This section contains example database schemas and their respective models with description. The examples are for the SQL backend. Please refer to the backend documentation of your choice for more information about non-SQL setups.
See also
Synopsis: Fact table has the same name as the cube, dimension tables have same names as dimensions.
Fact table is called sales, has one measure amount and two dimensions: store and product. Each dimension has two attributes.
"cubes": [
{
"name": "sales",
"dimensions": ["product", "store"],
"joins": [
{"master":"product_id", "detail":"product.id"},
{"master":"store_id", "detail":"store.id"}
]
}
],
"dimensions": [
{ "name": "product", "attributes": ["code", "name"] },
{ "name": "store", "attributes": ["code", "address"] }
]
Synopsis: Dimension is represented only by one attribute, has no details, neither hierarchy.
Similar schema as Simple Star Schema Note the dimension year which is represented just by one numeroc attribute.
It is important that no attributes are specified for the dimension. There dimension will be referenced just by its name and dimension label is going to be used as attribute label as well.
"cubes": [
{
"name": "sales",
"dimensions": ["product", "store", "year"],
"joins": [
{"master":"product_id", "detail":"product.id"},
{"master":"store_id", "detail":"store.id"}
]
}
],
"dimensions": [
{ "name": "product", "attributes": ["code", "name"] },
{ "name": "store", "attributes": ["code", "address"] }
{ "name": "year" }
]
Synopsis: dimension tables share a common prefix, fact tables share common prefix.
In our example the dimension tables have prefix dim_ as in dim_product or dim_store and facts have prefix fact_ as in fact_sales.
There is no need to change the model, only the data store configuration. In Python code we specify the prefix during the data store registration in cubes.Workspace.register_store():
workspace = Workspace()
workspace.register_store("default", "sql",
url=DATABASE_URL,
dimension_prefix="dim_",
dimension_suffix="_dim",
fact_suffix="_fact",
fact_prefix="fact_")
When using the OLAP Server we specify the prefixes in the [store] section of the slicer.ini configuration file:
[store]
...
dimension_prefix="dim_"
fact_prefix="fact_"
Synopsis: all tables are stored in one common schema that is other than default database schema.
To specify database schema (in our example sales_datamart) in Python pass it in the schema argument of cubes.Workspace.register_store():
workspace = Workspace()
workspace.register_store("default", "sql",
url=DATABASE_URL,
schema="sales_datamart")
For the OLAP Server the schema is specifiedn in the [store] section of the slicer.ini configuration file:
[store]
...
schema="sales_datamart"
Synopsis: dimension tables share one database schema and fact tables share another database schema
Dimensions can be stored in a different database schema than the fact table schema.

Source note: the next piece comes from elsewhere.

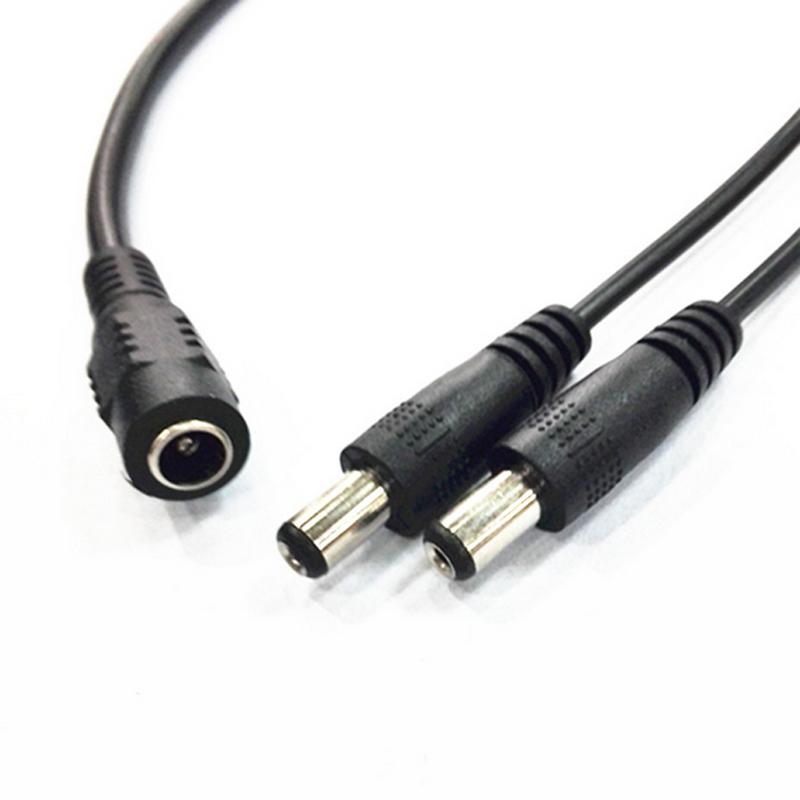 1 гнездо на 2 штекера постоянного тока, кабельный разветвитель 5,5x2,1 мм, адаптер для видеонаблюдения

To specify database schema of dimensions (in our example dimensions) in Python pass it in the dimension_schema argument of cubes.Workspace.register_store():
workspace = Workspace()
workspace.register_store("default", "sql",
url=DATABASE_URL,
schema="facts",
dimension_schema="dimensions")
For the OLAP Server the dimension schema is specifiedn in the [store] section of the slicer.ini configuration file:
[store]
...
schema="facts"
dimension_schema="dimensions"
Synopsis: One fact might have multiple dimension members assigned
There are several options how the case of multiple dimension members per fact can be solved. Each has it advantages and disadvantages. Here is one of them: using a bridge table.
This is our logical intention: there might be multiple representatives involved in an interaction cases:
We can solve the problem with adding a bridge table and by creating artificial level representative_group. This group is unique combination of representatives that were involved in an interaction.
The model looks like:
"cubes": [
{
"dimensions": ["representative", ...],
"joins": [
{
"master":"representative_group_id",
"detail":"bridge_representative.group_id"
},
{
"master":"bridge_representative.representative_id",
"detail":"representative.id"
}
]
}
],
"dimensions": [
{
"name": "representative",
"levels": [
{ "name":"team" },
{ "name":"name", "nonadditive": "any"}
]
}
]
You might have noticed that the bridge table is hidden – you can’t see it’s contents anywhere in the cube.
There is one problem with aggregations when such dimension is involved: by aggregating over any level that is not the most detailed (deepest) we might get double (multiple) counting of the dimension members. For this reason it is important to specify all higher levels as nonadditive for any other dimension. It his case, backends that are aware of the issue, might handle it appropriately.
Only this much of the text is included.